The purpose of this project is primarily for me to experiment with big data tools such as Google BigQuery and Apache Spark. Below you will find documentation regarding the steps I took in performing my data analysis.
I decided to use the Google Cloud Platform as my platform of choice for working with Citibike trip data. A nice feature about GCP was that they were already hosting a public dataset for Citibike trips from July 2013 (earliest reporting) to September 2016. To expand on this, I pulled newer data (including Jersey City data) from the Citibike S3 bucket and uploaded it onto Google Cloud Storage. Afterwards, I made a dataset from the csv files to run queries on them using Google BigQuery.
I pulled zip files and unzipped them using get_tripdata.py. Afterwards, I uploaded the csv files to my personal bucket.
Analysis of Citibike trips can be found in the notebooks directory.
For a quick look at general trends in Citibike ridership, take a look at General Trends Analysis.
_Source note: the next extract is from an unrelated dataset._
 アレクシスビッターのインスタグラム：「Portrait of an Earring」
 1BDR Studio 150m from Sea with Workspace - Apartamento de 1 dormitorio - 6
For an analysis of the stations that trips start at, take a look at Start Stations
To see a predictive model of Citibike trips using an Ordinary Least Squares linear regression approach, please take a look at Citibike Predict Trips 79 R2 Revised. The model uses station data, weather information, and date information to predict the number of trips on a given day. The data is split into a training set and testing set, and certain features with widely varying ranges such as tempurature and precipitation are scaled.
For a look at the SQL queries I used on Google BigQuery for aggregating data, take a look at SQL Queries.
For a look at the Python scripts I used for gathering and cleaning data, take a look at Citibike Python. This will also include unused files such as one running Dijkstra's algorithm on all stations to find the shortest paths between all stations based on average time.